There are some contemporary authors whose work simply rises to another level: Barbara Kingsolver, Jhumpa Lahiri, Edward P. Jones. To that group, I hereby add Richard Russo.
I loved "Empire Falls," his story about Miles Roby, the fortysomething owner of a greasy spoon in a depressed New England town, that won the 2002 Pulitzer Prize for Fiction. But in my never-ending quest to get around to other authors I haven't read, I hadn't picked up another Russo book until now. And just having finished "Bridge of Sighs," I can only express my admiration for Russo's multiple abilities.
It's not just the mastery he displays in crafting a sentence or a paragraph, nor in exploring a character's inner dialogue. It's his vision in framing the larger narrative, in this case an authentic portrait of blue-collar life in a dying town in upstate New York, and skill in weaving together the strands of three teenagers and their families who struggle with their decisions about whether to stay in or flee from Thomaston.
The narrator is Louis Charles Lynch, named after his dad and forever stuck with the nickname Lucy. He is the perennial optimist, naive to a fault, just like his dad, Louis Patrick Lynch, who's known as Big Lou and who refuses to believe his job as a milk deliveryman is at risk. Lucy's best friend is Bobby Marconi, the brooding son of a brutish, womanizing father and a timid, housebound mother who's perpetually pregnant. Both boys fall for Sarah Berg, the artistic daughter of a divorced couple: Dad is a rumpled, neurotic wannabe author who teaches English at the local high school, and Mom is an over-the-hill beauty who lives in New York City.

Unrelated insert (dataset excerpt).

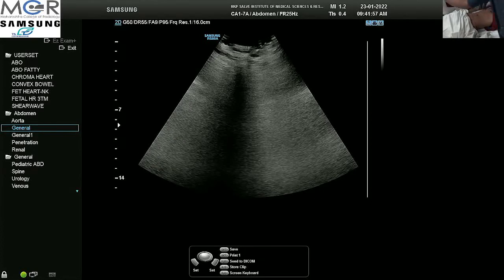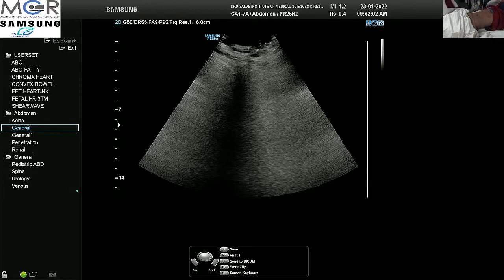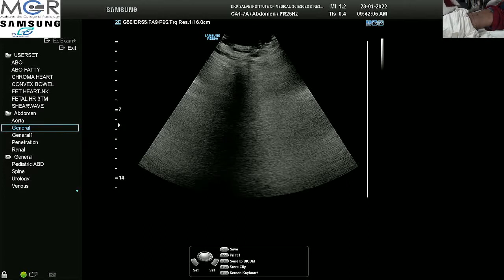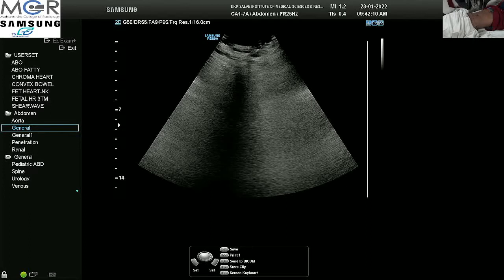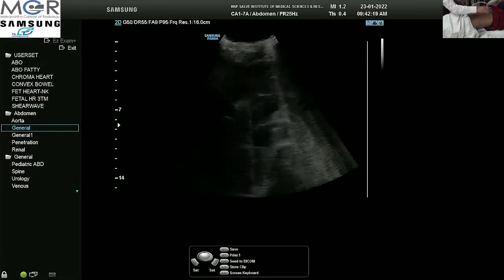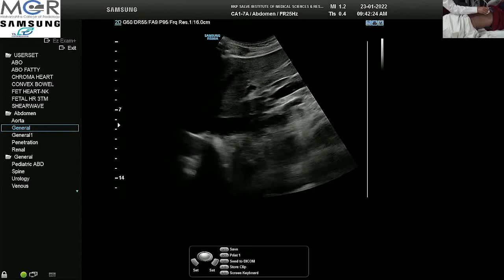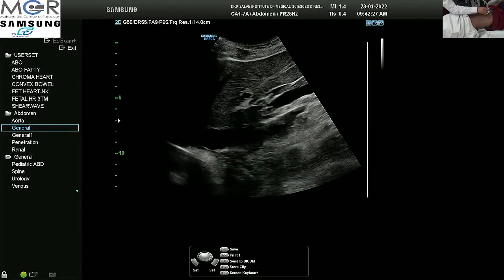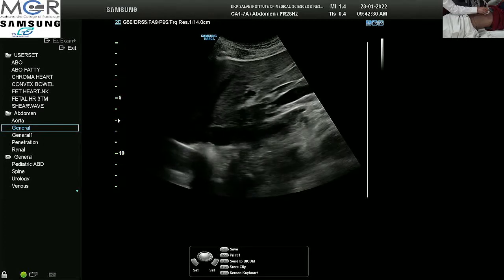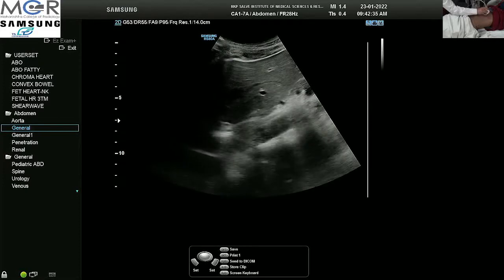Good morning everyone. I have a subject here who is quite lean, so I hope it will be easier to demonstrate the various parts of the hollow viscera within the abdomen. Let me first start with a convex probe. I am taking a convex probe and putting it in the mid sagittal plane in the epigastrium. I will increase the depth and then slightly rotate the probe towards the left side of the patient to see the gastroesophageal junction.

Each of the three friends has a chance to leave their dying town. What each one does -- and how he or she comes to that decision -- makes for a compelling story. Over the course of 641 pages, I found myself marveling at Russo's storytelling and empathizing with his characters as they struggled, even agonized, over questions of right and wrong and weighed their self-interests against the feelings and aspirations of others. If only more people in real life had such depth.
Three questions, in particular, stayed with me because they are all about perspective:
Lucy, as an adult is discussing his ailing father with his mom, when he asks: "Why is it so important to you that I remember him as you do?"
Later, he asks himself: "Who cares about a single life beyond the one whose task it is to live it? Am I not entitled to my life as my mother is to hers? Must there be a version that reconciles all the versions, large or small? Can there be?"
And, finally, Sarah, seeing how lonely and fearful her mother has become as an aging divorcee, weighs passion and independence against companionship and friendship, sacrifice against compromise. "Suddenly she understood the question she'd really been trying to ask all summer. Which was more important: to love or be loved?"
I found "Bridge of Sighs" to be a novel of warmth and rich texture, an immensely satisfying read. I'd love to dive into another of Russo's books but I'm afraid he's going to have wait. Still too many authors I want to read.